▸ WHAT TO PRODUCE
When copying the listing below, skip every picture and repeat exactly the lines from the first one through the line that contains "Aldo sandale de".

::::::

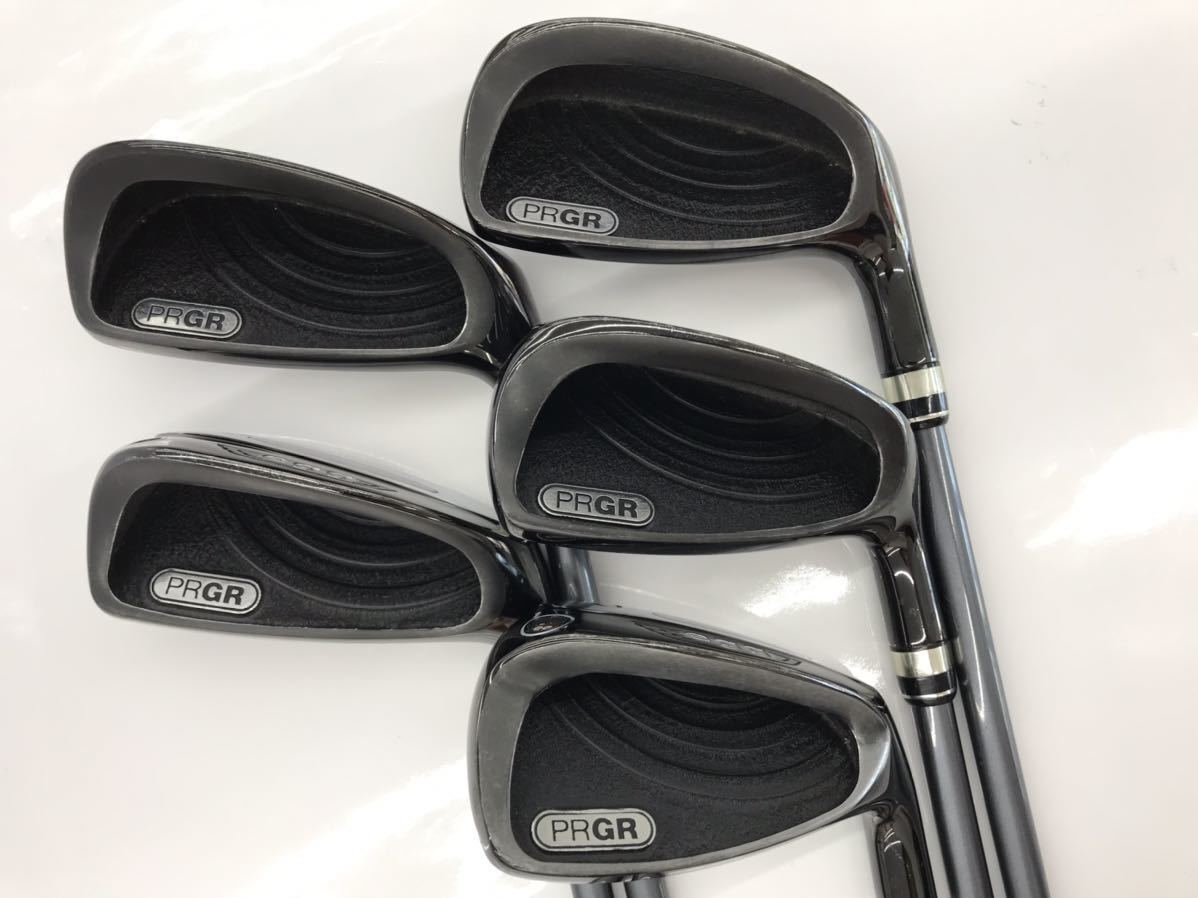 Golf Iron Set PRGR egg 2011 Original Carbon M-40 5pcs 6-P Golf Iron Set PRGR egg 2011 Original Carbon M-40 5pcs 6-P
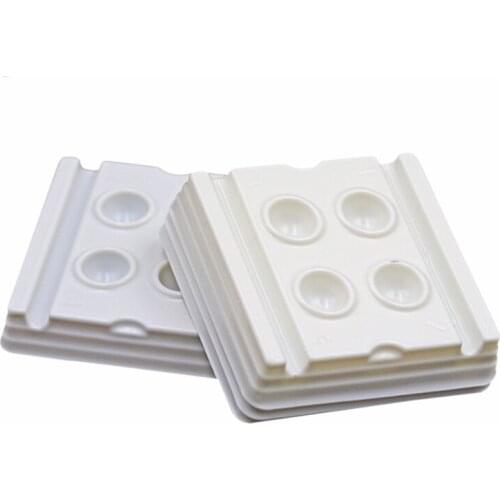 Dental lab Plastic Mixing Watering Moisturizing plate 4 Slot Plastic Palette Plate Mixing Plate Stain Powder Mixing Tool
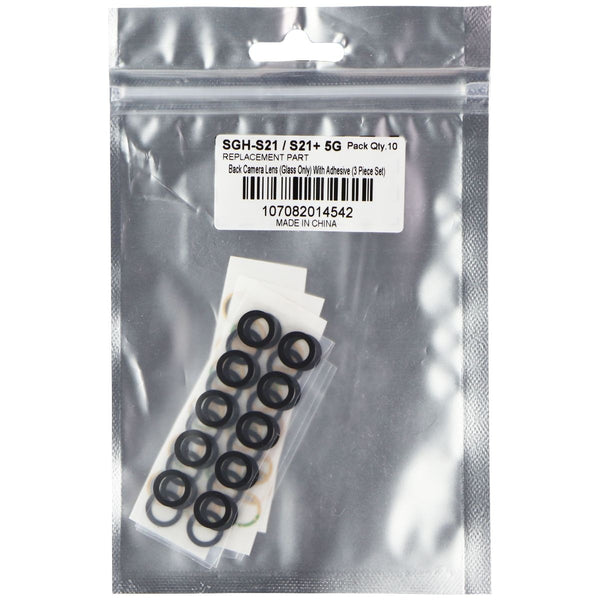 Repair Part - Back Camera Lens (3 Piece Set) for Galaxy S21 5G/S21+ 5G (10 Pack)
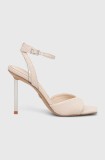 Aldo sandale de piele Lettie culoarea bej, 13743851.Lettie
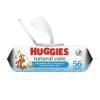 Huggies Natural Care Cucumber, Aloe and Vitamin E Baby Wipes, Hypoallergenic, Scented, 3 Flip-Top Packs (168 Wipes Total), Packaging May Vary(56 Count (Pack of 1))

::::::

▸ EXERCISE RESULT
 Golf Iron Set PRGR egg 2011 Original Carbon M-40 5pcs 6-P Golf Iron Set PRGR egg 2011 Original Carbon M-40 5pcs 6-P
 Dental lab Plastic Mixing Watering Moisturizing plate 4 Slot Plastic Palette Plate Mixing Plate Stain Powder Mixing Tool
 Repair Part - Back Camera Lens (3 Piece Set) for Galaxy S21 5G/S21+ 5G (10 Pack)
 Aldo sandale de piele Lettie culoarea bej, 13743851.Lettie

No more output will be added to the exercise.